4°) de mettre à la charge de l'Etat une somme de 1 200 euros, en application de l'article L. 761-1 du code de justice administrative.

Il soutient que :

- avant dire-droit, la cour demandera au préfet de produire la fiche de demande de titre de séjour qu'il a remplie lors de son rendez-vous le 26 janvier 2021 ainsi que le motif du rendez-vous de dépôt de la demande de titre de séjour ;

- il apporte la preuve de sa présence habituelle en France pendant dix années et le préfet aurait dû saisir la commission du titre de séjour conformément à l'article L. 435-1 de code de l'entrée et du séjour des étrangers et du droit d'asile ; ainsi l'obligation de quitter le territoire français se fonde sur un refus de titre de séjour illégal ;

- ce refus de titre de séjour porte également atteinte au respect de sa vie privée et familiale en méconnaissance de l'article L. 423-23 du code de l'entrée et du séjour des étrangers et du droit d'asile et de l'article 8 de la convention européenne de sauvegarde des droits de l'homme et des libertés fondamentales ;

- ce refus méconnaît les stipulations de l'article 3-1 de la convention internationale relative aux droits de l'enfant ;

- il est entaché d'une erreur manifeste d'appréciation de sa situation personnelle et familiale ;

- l'obligation de quitter le territoire français méconnaît l'article 8 de la convention européenne de sauvegarde des droits de l'homme et des libertés fondamentales ;

- elle méconnaît les stipulations de l'article 3-1 de la convention internationale relative aux droits de l'enfant ;

- elle est entachée d'une erreur manifeste d'appréciation de sa situation personnelle et familiale ;

- la décision refusant de lui accorder un délai de départ volontaire est illégale du fait de l'illégalité de l'obligation de quitter le territoire français ;

- c'est par une erreur de droit que le préfet a cru pouvoir se contenter de viser l'une des hypothèses visées par les dispositions de l'article L. 612-3 du code de l'entrée et du séjour des étrangers et du droit d'asile pour le priver de tout délai de départ volontaire ;

- il justifie de motifs exceptionnels ;

- la décision fixant l'interdiction de retour sur le territoire français est illégale du fait de l'illégalité de l'obligation de quitter le territoire français et de la décision refusant d'accorder un délai de départ volontaire ;

- cette décision est entachée d'erreurs de faits ;

- en appliquant les dispositions de l'article L .612-6 du code de l'entrée et du séjour des étrangers et du droit d'asile, le préfet a commis une erreur de droit et prononcé une interdiction de retour excédant le maximum légal encouru ;

- cette décision méconnaît l'article 8 de la convention européenne de sauvegarde des droits de l'homme et des libertés fondamentales ;

- elle méconnaît les stipulations de l'article 3-1 de la convention internationale relative aux droits de l'enfant ;

- le seul fait de ne pas avoir exécuté de précédentes mesures d'éloignement ne peut fonder

une interdiction de retour de la durée maximale de trois années ;

- la décision fixant le pays de renvoi est illégale du fait de l'illégalité de l'obligation de quitter le territoire français ;

- la décision l'assignant à résidence est illégale du fait de l'illégalité de l'obligation de quitter le territoire français et de celle de la décision refusant de lui accorder un délai de départ volontaire.

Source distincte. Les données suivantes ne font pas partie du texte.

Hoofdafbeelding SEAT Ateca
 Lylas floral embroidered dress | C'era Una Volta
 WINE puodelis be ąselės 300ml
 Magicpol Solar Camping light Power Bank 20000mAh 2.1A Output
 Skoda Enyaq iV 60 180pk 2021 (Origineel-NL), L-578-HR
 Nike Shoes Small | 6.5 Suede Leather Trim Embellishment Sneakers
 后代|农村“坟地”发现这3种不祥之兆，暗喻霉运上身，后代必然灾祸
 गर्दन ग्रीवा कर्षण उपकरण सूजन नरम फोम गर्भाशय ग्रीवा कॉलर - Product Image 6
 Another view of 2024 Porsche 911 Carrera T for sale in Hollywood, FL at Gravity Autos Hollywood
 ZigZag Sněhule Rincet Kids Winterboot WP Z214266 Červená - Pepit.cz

La requête a été communiquée au préfet de l'Isère qui n'a pas produit d'observation.

II°) Par une requête enregistrée le 19 décembre 2022, sous le n° 22LY03788, M. B..., représenté par Me Bescou, demande à la cour :

1°) d'annuler ce jugement du 22 novembre 2022 du tribunal administratif de Grenoble ;

2°) d'annuler la décision susmentionnée du 24 juin 2022 refusant de lui accorder un titre de séjour ;

3°) d'enjoindre au préfet de lui délivrer une carte de séjour temporaire d'une durée d'une année portant la mention " vie privée et familiale " ou à tout le moins de procéder au réexamen de sa situation, dans un délai de deux mois courant à compter de la notification de l'arrêt à venir, sous astreinte de 100 euros par jour de retard et, dans l'attente, de lui délivrer une autorisation provisoire de séjour ;

4°) de mettre à la charge de l'Etat une somme de 1 200 euros, en application de l'article L. 761-1 du code de justice administrative.

Il soutient que :

- avant dire-droit, la cour demandera au préfet de produire la fiche de demande de titre de séjour qu'il a remplie lors de son rendez-vous le 26 janvier 2021 ainsi que le motif du rendez-vous de dépôt de la demande de titre de séjour ;

- il apporte la preuve de sa présence habituelle en France pendant dix années et le préfet aurait dû saisir la commission du titre de séjour conformément à l'article L. 435-1 de code de l'entrée et du séjour des étrangers et du droit d'asile ; ainsi l'obligation de quitter le territoire français se fonde sur un refus de titre de séjour illégal ;

- ce refus de titre de séjour porte également atteinte au respect de sa vie privée et familiale en méconnaissance de l'article L. 423-23 du code de l'entrée et du séjour des étrangers et du droit d'asile et de l'article 8 de la convention européenne de sauvegarde des droits de l'homme et des libertés fondamentales ;

- ce refus méconnaît les stipulations de l'article 3-1 de la convention internationale relative aux droits de l'enfant ;

- il est entaché d'une erreur manifeste d'appréciation de sa situation personnelle et familiale.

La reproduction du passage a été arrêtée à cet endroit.